A thing I am confused about: what is the medium-to-long-term actual policy outcome you’re aiming for? And what is the hopeful outcome which that policy unlocks?
You say “implement international AI compute governance frameworks and controls sufficient for halting the development of any dangerous AI development activity, and streamlined functional processes for doing so”. The picture that brings to my mind is something like:
Track all compute centers large enough for very high-flop training runs
Put access controls in place for such high-flop runs
A prototypical “AI pause” policy in this vein would be something like “no new training runs larger than the previous largest run”.

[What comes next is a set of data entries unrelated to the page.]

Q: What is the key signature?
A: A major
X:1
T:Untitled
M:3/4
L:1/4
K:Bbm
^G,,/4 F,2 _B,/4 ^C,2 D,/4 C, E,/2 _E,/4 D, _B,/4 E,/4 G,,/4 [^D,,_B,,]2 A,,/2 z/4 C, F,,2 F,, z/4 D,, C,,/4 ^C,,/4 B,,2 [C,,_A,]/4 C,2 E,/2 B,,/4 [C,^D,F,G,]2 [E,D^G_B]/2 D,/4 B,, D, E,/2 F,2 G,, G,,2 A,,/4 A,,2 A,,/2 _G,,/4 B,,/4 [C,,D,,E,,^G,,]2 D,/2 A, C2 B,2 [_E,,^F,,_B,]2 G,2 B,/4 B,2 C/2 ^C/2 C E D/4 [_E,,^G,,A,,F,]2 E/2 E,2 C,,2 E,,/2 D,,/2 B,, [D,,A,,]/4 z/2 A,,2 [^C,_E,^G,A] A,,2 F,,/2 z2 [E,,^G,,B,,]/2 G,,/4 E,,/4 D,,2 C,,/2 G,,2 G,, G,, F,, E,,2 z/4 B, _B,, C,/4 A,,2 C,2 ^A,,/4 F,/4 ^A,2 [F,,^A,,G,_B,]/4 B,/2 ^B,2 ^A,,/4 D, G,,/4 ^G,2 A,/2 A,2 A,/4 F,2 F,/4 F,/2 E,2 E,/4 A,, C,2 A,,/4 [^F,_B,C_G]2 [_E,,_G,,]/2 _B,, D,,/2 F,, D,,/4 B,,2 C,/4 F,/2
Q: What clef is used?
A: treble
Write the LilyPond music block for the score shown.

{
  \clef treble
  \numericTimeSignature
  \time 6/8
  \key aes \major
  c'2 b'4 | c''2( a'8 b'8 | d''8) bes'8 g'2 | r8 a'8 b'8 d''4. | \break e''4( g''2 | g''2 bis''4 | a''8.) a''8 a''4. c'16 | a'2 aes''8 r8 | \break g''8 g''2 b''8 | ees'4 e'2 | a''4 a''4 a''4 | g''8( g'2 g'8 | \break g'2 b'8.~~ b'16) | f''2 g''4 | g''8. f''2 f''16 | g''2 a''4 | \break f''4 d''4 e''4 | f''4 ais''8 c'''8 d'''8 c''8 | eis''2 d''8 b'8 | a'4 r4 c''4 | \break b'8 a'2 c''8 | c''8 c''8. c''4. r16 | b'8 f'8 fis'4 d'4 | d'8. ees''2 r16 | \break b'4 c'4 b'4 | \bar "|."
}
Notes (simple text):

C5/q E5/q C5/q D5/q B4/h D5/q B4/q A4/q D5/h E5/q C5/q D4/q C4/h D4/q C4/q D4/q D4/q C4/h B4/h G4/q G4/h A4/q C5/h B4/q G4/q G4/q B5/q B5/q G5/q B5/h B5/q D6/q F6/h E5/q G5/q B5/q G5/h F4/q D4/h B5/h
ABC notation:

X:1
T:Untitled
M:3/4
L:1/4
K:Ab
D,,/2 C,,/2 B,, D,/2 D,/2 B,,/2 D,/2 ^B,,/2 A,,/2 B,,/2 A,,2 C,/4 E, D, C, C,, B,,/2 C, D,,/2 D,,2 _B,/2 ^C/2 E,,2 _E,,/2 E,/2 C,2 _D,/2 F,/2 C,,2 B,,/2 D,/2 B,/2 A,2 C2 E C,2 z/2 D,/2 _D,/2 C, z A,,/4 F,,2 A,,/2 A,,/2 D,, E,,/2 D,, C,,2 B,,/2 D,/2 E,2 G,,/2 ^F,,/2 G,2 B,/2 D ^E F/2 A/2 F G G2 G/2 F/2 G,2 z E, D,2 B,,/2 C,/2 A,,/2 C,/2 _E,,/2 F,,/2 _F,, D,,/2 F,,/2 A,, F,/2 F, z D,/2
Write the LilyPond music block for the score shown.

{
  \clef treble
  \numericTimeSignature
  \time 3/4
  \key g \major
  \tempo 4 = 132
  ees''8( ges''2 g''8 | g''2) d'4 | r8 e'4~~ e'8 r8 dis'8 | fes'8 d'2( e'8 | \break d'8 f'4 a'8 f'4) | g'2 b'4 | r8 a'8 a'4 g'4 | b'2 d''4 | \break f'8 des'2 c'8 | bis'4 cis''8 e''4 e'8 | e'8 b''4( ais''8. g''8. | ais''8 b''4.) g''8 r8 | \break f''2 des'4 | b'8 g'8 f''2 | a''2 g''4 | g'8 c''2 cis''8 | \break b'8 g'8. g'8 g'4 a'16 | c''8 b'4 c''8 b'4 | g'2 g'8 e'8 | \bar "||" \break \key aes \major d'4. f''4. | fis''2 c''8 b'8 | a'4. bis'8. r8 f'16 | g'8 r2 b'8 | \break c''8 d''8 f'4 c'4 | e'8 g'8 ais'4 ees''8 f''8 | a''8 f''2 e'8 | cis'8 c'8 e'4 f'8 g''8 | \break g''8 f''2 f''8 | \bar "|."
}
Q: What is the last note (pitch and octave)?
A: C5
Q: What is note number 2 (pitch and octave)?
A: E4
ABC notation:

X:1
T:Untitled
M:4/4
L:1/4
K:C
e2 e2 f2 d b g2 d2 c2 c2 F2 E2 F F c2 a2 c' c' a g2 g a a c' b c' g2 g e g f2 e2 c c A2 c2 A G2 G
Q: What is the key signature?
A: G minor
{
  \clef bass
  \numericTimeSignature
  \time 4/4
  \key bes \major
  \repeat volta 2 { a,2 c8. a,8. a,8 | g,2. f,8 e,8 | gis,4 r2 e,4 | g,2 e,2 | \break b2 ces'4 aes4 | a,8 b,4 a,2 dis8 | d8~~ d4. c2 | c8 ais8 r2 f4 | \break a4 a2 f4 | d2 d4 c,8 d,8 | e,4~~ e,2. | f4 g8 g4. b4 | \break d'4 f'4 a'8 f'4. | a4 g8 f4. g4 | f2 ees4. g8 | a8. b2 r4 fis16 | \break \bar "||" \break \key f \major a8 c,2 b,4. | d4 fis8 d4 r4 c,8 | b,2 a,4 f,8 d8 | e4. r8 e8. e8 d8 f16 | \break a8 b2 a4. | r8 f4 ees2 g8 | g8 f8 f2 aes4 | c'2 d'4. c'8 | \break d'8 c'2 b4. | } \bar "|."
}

Now, the obvious-to-me shortcoming of that approach is that algorithmic improvement is moving at least as fast as scaling, a fact which I doubt Eliezer or Nate have overlooked. Insofar as that algorithmic improvement is itself compute-dependent, it’s mostly dependent on small test runs rather than big training runs, so a pause-style policy would slow down the algorithmic component of AI progress basically not-at-all. So whatever your timelines look like, even a full pause on training runs larger than the current record should less than double our time.
… and that still makes implementation of a pause-style policy a very worthwhile thing for a lot of people to work on, but I’m somewhat confused that Eliezer and Nate specifically currently see that as their best option? Where is the hope here? What are they hoping happens with twice as much time, which would not happen with one times as much time? Or is there some other policy target (including e.g. “someone else figures out a better policy”) which would somehow buy a lot more time?
I don’t speak for Nate or Eliezer in this reply; where I speak about Eliezer I am of course describing my model of him, which may be flawed.
Three somewhat disjoint answers:
From my perspective, your point about algorithmic improvement only underlines the importance of having powerful people actually get what the problem is and have accurate working models. If this becomes true, then the specific policy measures have some chance of adapting to current conditions, or of being written in an adaptive manner in the first place.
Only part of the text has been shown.